Filistin halkı emperyalist, siyonist barbarlığa karşı direnişini yıllarca sürdürdü. Lübnan’a sığınmak zorunda kalan direnişçiler burada Filistin Kurtuluş Örgütü (FKÖ) önderliğinde mücadele ettiler. 4 Haziran 1982’de Filistin direniş hareketine saldıran İsrail, emperyalistlerle Lübnan’daki gerici-faşist güçlerin (Hristiyan Falanjistlerin) desteğini arkasına aldı. Emperyalistlerin ve siyonist rejimin tek amacı Lübnan’daki ilerici güçlerin tam desteğini alan, halkların eşitliği ve özgürlüğü için direnenlerin yanında olan halkı ve Filistin özgürlük direnişini bastırmaktı. Siyonist İsrail ordusu günlerce, aylarca Beyrut’un batısını havadan, karadan ve denizden bombalayarak harabeye çevirdi. Lübnan kaynaklarına göre katliam bilançosunda 18 bin ölü, 30 bin yaralı vardı. Katliam öyle boyutlara ulaştı ki batı dünyası ve İsrail basını dahi eleştiriler sunmak zorunda kaldı.
Saldırılara karşı direnen FKÖ, emperyalistlerin de bir araya gelmesiyle 1 Eylül’de Beyrut’tan çekildi. Yapılan anlaşmaya göre tüm yabancı askerler Beyrut’tan çekilecekti. Ancak Fransa ve ABD’nin sözde “barış güçleri” Beyrut’tan çekildikten sonra meydan yağmacı katil sürüsü siyonist İsrail askerlerine ve çetelerine kaldı.

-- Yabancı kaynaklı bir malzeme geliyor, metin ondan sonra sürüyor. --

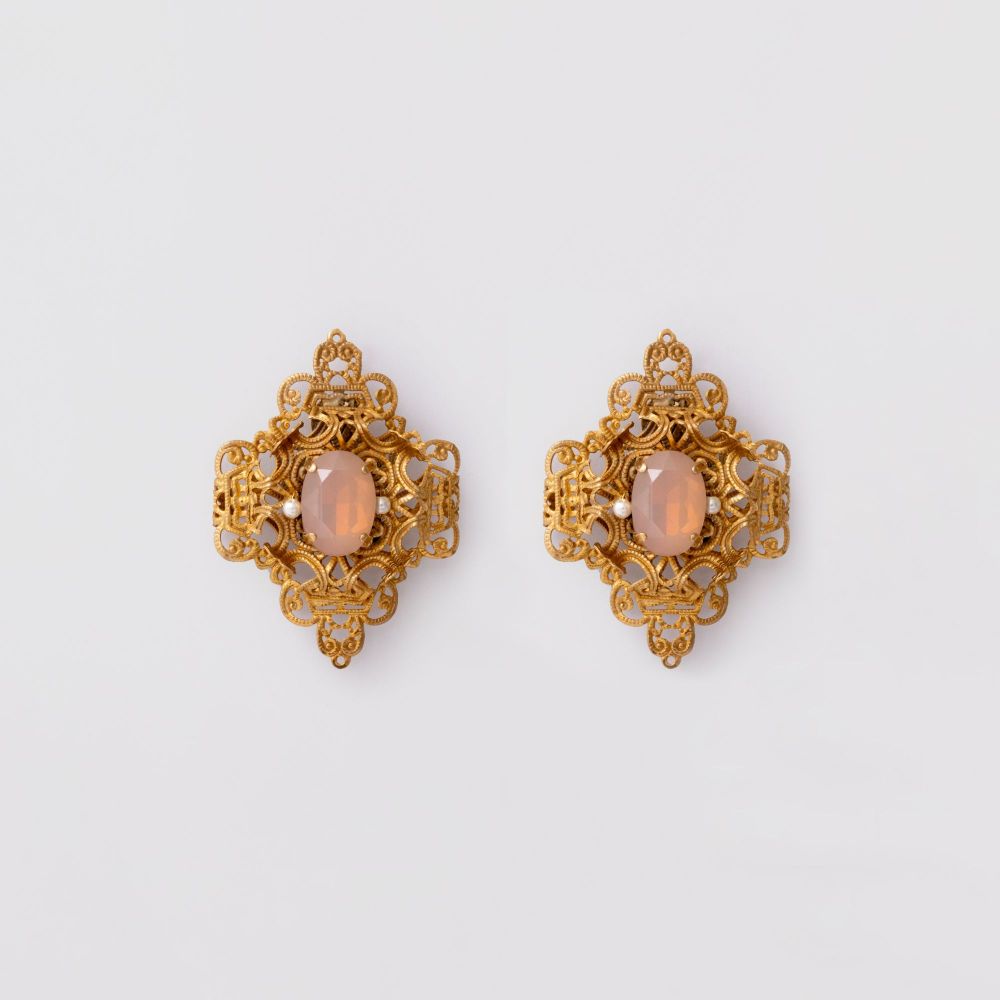 Picture of Women's diamond earrings with pink stone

16 Eylül 1982’de Arial Şaron’a bağlı ordu ve falanjist çeteler Sabra ve Şatilla kamplarına ulaştı. İsrail ordusunun gözetimi ve himayesi altında Falanjist çetelerin gerçekleştirdiği katliamda bu iki kampta bulunan çoğunluğu kadın, çocuk ve yaşlılardan oluşan savunmasız, silahsız insanlar azgınca katledildi, kamplar yağmalandı. Kırk saat süren saldırıda insanlık tarihinin gördüğü en kanlı, vahşi katliamlardan biri yaşandı. 3500 ile 5000 arası insan kamplarda katledildi. Katliam emrini veren Arial Şaron ise bu kanlı katliamın ardından “Beyrut Kasabı” olarak anılmaya başlandı.
Sabra ve Şatilla Katliamı’nın ardından 42 yıl geçti. 42 yıl boyunca Ortadoğu halkları üzerindeki baskı, zorbalık son bulmadı. Bugün hâlâ Fiistin toprakları işgal altında, kamplar bombalanıyor, halk katlediliyor.
Ortadoğu’yu kan gölüne çeviren, bölge halkları üzerinde bombalar yağdıran emperyalist-kapitalist sömürü düzeni son bulmadıkça da katliamlar bitmeyecek. Katliamların son bulması; savaş, saldırganlık ve sömürü düzeninin ortadan kalkmasıyla mümkündür.